Sepintas,
prinsip pertama ajaran Jama’ah Tabligh atau dikenal juga Jama’ah
Khuruj atau Jama’ah Jaulah tampak seperti ajaran Tauhid. Betapa tidak,
sebab mereka mencantumkan judul prinsip tersebut dengan bunyi kalimat
thayyibah. Tidak ada lain makna kalimat thayyibah tersebut, kecuali
kalimat tauhid. Yaitu kalimat laa ilaaha illallah. Dan memanh benar,
yang mereka maksudkan sebagai kalimat tauhid, ialah kalimat laa ilaaha
illallah. Namun, benarkah ajaran tauhid Rasulullah yang mereka
maksudkan?.
Terlebih
jika melihat lima prinsip berikut. Seolah-olah prinsip ajaran Jama’ah
Tabligh ini terasa demikian bagus. Ditemui adanya prinsip shalat lima
waktu, prinsip ilmu dan dzikir, ada prinsip memuliakan tamu, ada
prinsip ikhlas dalam berniat, ada prinsip bertabligh (menyampaikan
dakwah) secara bersama-sama dengan cara khuruj (keluar untuk
berdakwah).
Syubhat
penyimpangan yang terbungkus dalam kalimat-kalimat nan indahini,
sebenarnya juga terlihat pada semua prinsip ajaran ahli bid’ah.
Bukankah lima prinsip ajaran Mu’tazilah, misalnya, juga terlihat
seolah-oleh benar dan indah?. Lima prinsip ajaran Mu’tazilah itu
seperti:
- Tauhid. Ternyata, maksudnya ialah menolak sifat-sifat Allah.
- Adil. Ternyata, maksudnya ialah mengingkari takdir Allah.
- Al
manzilah naina al manzilatain, ialah satu keadaan diantara dua
keadaan. Maksudnya, pelaku dosa besar itu tidak mungkin, tetapi tidak
kafir.
- Berlangsungnya ancaman Allah. Maksudnya, pelaku dosa besar pasti disiksa di dalam neraka dan kekal didalamnya.
- Amar
ma’ruf nahi mungkar. Ternyata maksudnya, ialah dibolehkannya melakukan
pembangkangan (pemberontakan) kepada penguasa muslim yang sah, hanya
lantaran pengusaha tersebut dianggap telah melakukan kedhaliman.

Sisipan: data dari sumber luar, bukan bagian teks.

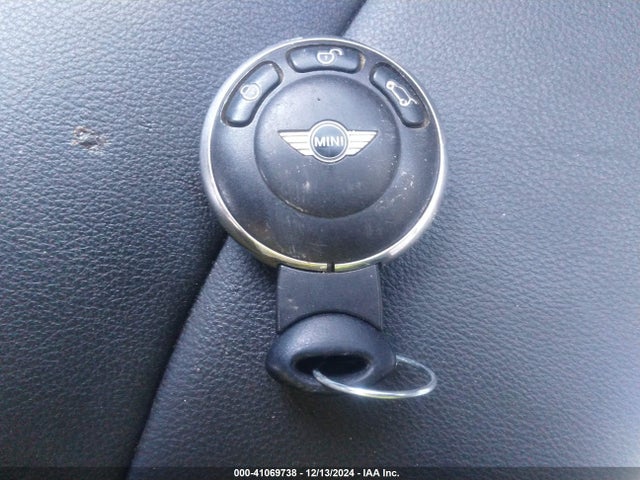 2011 MINI COOPER S WMWSV3C56BTY23596 Photo 10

Tanpa memahami maksud-maksud yang dikandung dalam pinsip-prinsip tersebut, orang akan tertipu dengan keindahan bahasanya.
Begitulah
umumnya prinsip-prinsip yang ditawarkan oleh setiap ahli bid’ah,
termasuk jama’ah jaulah. Bahasa luarnya indah dan seakan menawan
kebenaran. Namun sebaliknya menyembunyikan penyimpangan dan kesesatan.

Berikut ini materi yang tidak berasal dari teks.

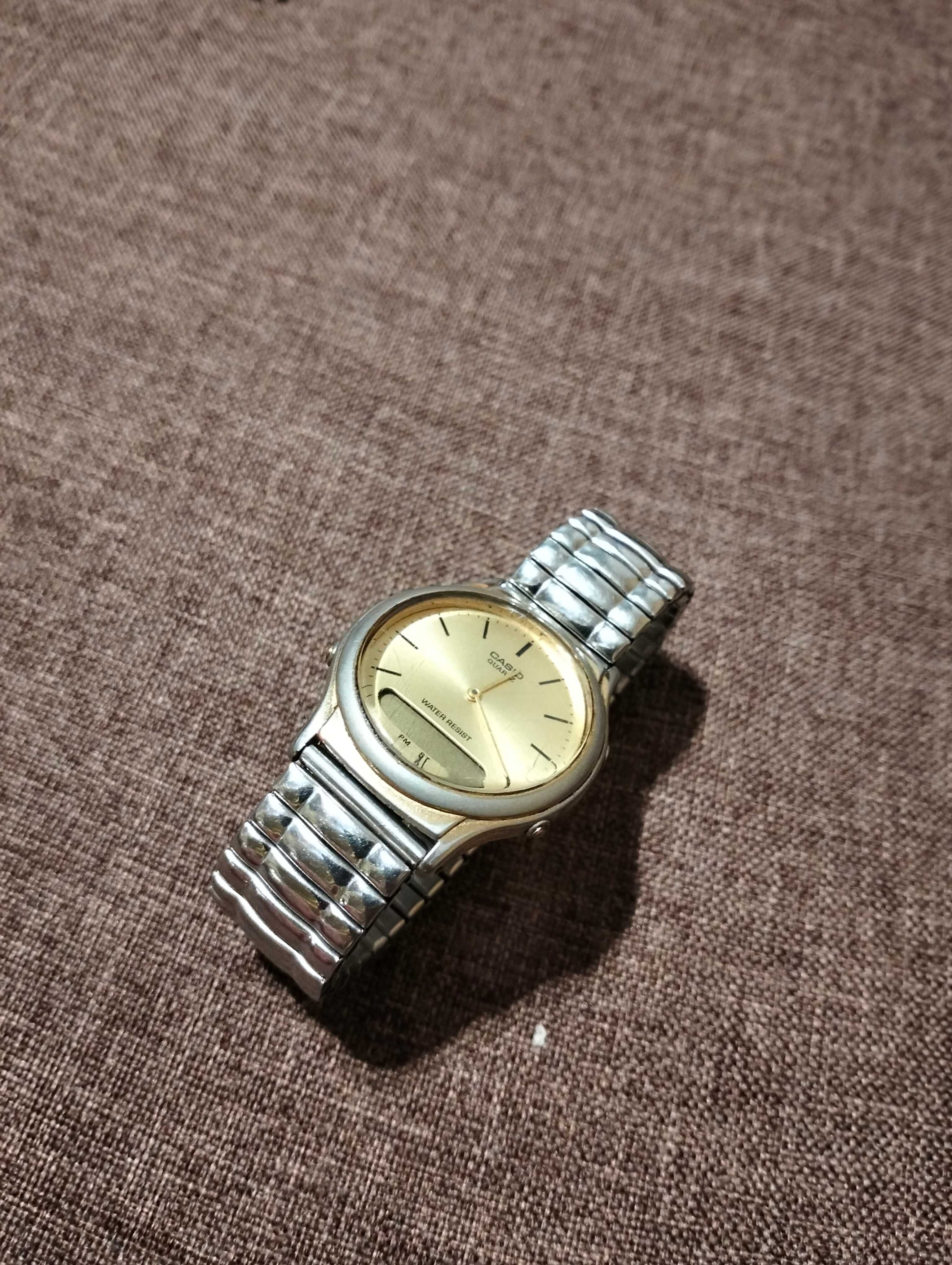 Часи годинник часы Casio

BAGAIMANA PRINSIF KALIMAT THAYYIBAH MENURUT JAMA’AH JAULAH?
Dalam
salah satu buku pegangan utama mereka, Fadha’il Al A’mal karya Maulana
Muhammad Zakariyya Al Kandahlawi yang di Indonesiakan menjadi Himpunan
Fadhilah Amal, Bab II tentang kalimat thayyibah, dapat dibongkar
rahasianya.
Ternyata
uraian kalimat thayyibah yang dikemukakan secara panjang lebar hingga
tiga pasal, hanya menerangkan tentang kalimat Laa Ilaaha Illallah
menurut versi ajaran Shufi. Tidak ditemukan sedikitpun ungkapan yang
menjelaskan hakikat sebenarnya dari makna kalimat thayyibah tersebut.
Yang
ditemukan ialah prinsip ajaran keshufian mereka. Yaitu ajaran dan
dorongan untuk berdzikir secara lisan saja, mengucapkan kalimat Laa
ilaaha Illallah. Sedikit tidak ditemukan uraian tentang, bagaimana
pengamalan sesungguhnya terhadap kalimat Laa ilaaha Illallah, melainkan
ajakan untuk tidak mencuri, berzina dan perbuatan-perbuatan maksiat
lainnya. Tanpa menyentuh sedikitpun, persoalan yang justru sangat
pokok. Yaitu keharusan menyingkiri thaghut dan mengingkari serta
menjauhi penyembahan terhadap kubur-kubur yang banayak dilakukan oleh
sebagian besar kaum muslimin di India, Pakistan dan Indonesia.
Kalaupun
dalam kitab itu disebutkan keharusan untuk bertauhid dan meninggalkan
syirik serta ikhlas beramal, tetapi penyebutan isu sangat global.
Padahal dalam kalimat tauhid tersebut mengandung dua konsekwensi besar.
Pertama, menghamba hanya kepada Allah saja. Kedua, menolak dan
mengingkari thaghut, termasuk penyembahan terhadap kuburan para wali.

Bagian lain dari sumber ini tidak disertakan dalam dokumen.